In spite of their popularity and widespread use, there are few reliable studies on the actual cost of paper checks to businesses. Estimates for a life cycle cost range between $.75 through $3.00 per check. Typically the costs fall into three main categories: supplies, handling, and uncollected checks. Supply costs include check stock, envelopes, deposit slips, printer supplies, signature stamps or plates, and postage. Business handling costs include the personnel costs for a wide range of activities such as stuffing and opening envelopes, routing, reading, entering and re-entering payment information, filing, sorting, creating deposit slips, researching returned items, reconciling accounts, etc. Bank handling costs include encoding, filing, lookup, balancing, sorting, clearing, transportation, statement rendering, processing, research, exception handling, etc. Uncollected checks include items returned for insufficient funds, stop payments, and fraudulent items. While all these activities sound small, together they are estimated to amount to annual expenses over $40 billion. Losses alone due to fraud and uncollectable checks are estimated by the Tower Group to be $14.5 billion in 1995.
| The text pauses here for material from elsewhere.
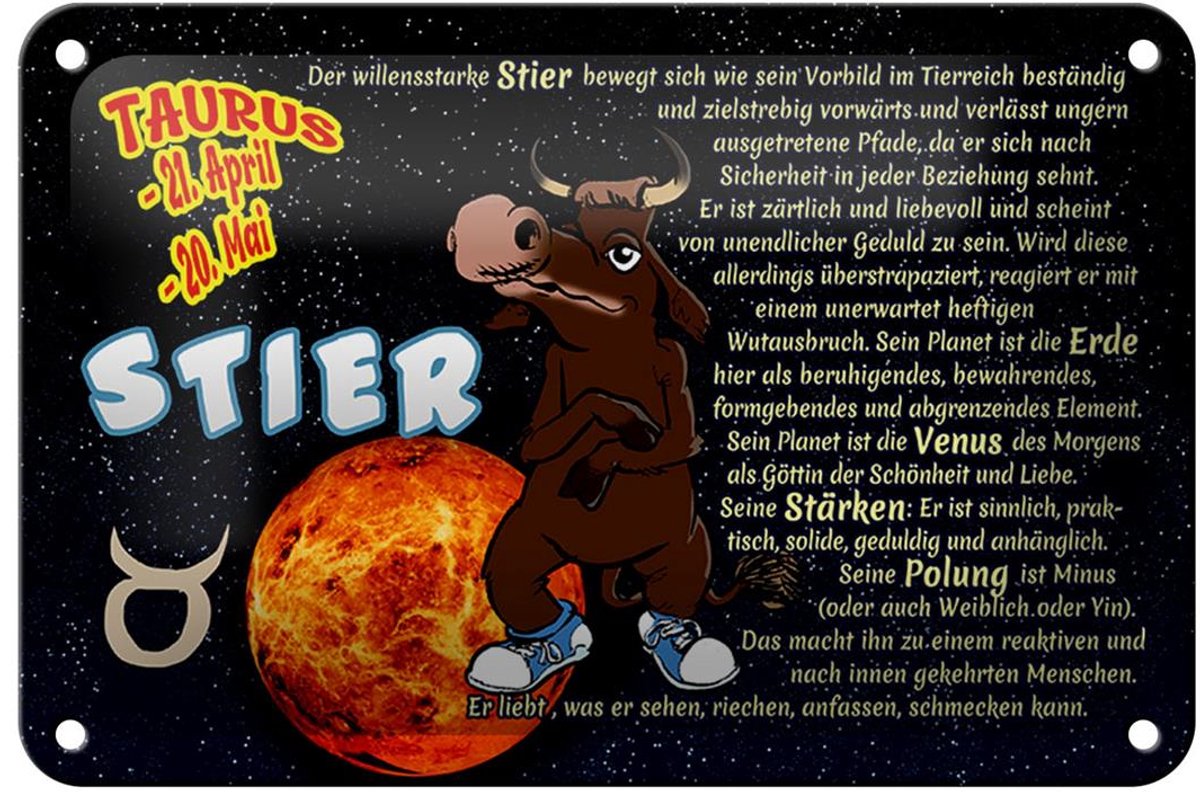Blechschild Sternzeichen 18x12cm Stier Planet Venus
Electronic checks significantly reduce the ongoing operating costs and losses associated with check payments. They make use of the Internet for nearly ubiquitous communication, and eliminate most of the manual steps required by paper checks. eChecks also enable, as discussed below, payment information to flow directly between payer and payee with the check. The eCheck system substitutes a higher up front cost in customer identification and state of the art security to reduce the costs associated with fraudulent checks. Since the system is fully automated, and echecks are protected against forgery or alteration, echecks will significantly reduce fraud while remaining easy to reconcile due to payer assigned check numbers. Overall, when widely used, echecks will save payers and payees significant expenses.
Allowance for Errors
Paper checks are a very forgiving payment system. Many types of errors can occur — yet the checks still get processed, cleared, and settled. Dates and signatures can be accidentally omitted, amounts can be encoded improperly, or the checks can fail to be automatically read by the processing equipment. In any of these events, the checks are passed through the system, sometimes after repair with a new MICR encoding strip.
Electronic checks are not forgiving of errors, in fact, the eCheck system prevents erroneous payments altogether. Due to the use of strong digital signatures, and automated software edits, echecks must be completely and accurately created and digitally signed by an authorized party before they can be processed. This will dramatically reduce errors in the system, resulting in improved efficiency and lower operating costs for all involved.
Paper checks have provided us with a rich risk management environment by allowing a business to determine how much risk to accept on a per transaction basis. Businesses are free to establish transaction limits, require identification, use verification or guarantee services, ship before or after payment, etc. Banks have also developed sophisticated risk management practices for accounts and transactions to fight fraudulent transactions.
Electronic check builds upon these practices, and reinforces the control and distributed nature of risk prevention and management between all the parties involved in a transaction. The use of strong digital signatures and certificates greatly enhances the transacting parties ability to assess the validity of a transaction automatically, further reducing risk.
Paper checks themselves are not typically thought of as an information rich transaction. However, when compared to the information contained in most other electronic transactions, checks do carry more information. Unfortunately, this information is typically not in a form that can be captured and is therefore unusable. Beyond the information contained on the check itself, checks are most often presented with additional information, such as a remittance or invoice copy, that which must be manually entered into systems.
Electronic checks enhance the information value of paper checks substantially. First, the information carried on the eCheck itself is in a form that allows it to be usable. Second, by design, echecks can have unlimited information, in any format, attached and sent with the payment, much like a paper envelope can carry additional pages. Since this information is already in electronic form, it will be much easier to integrate into existing systems without manual re-entry, saving significant time and effort.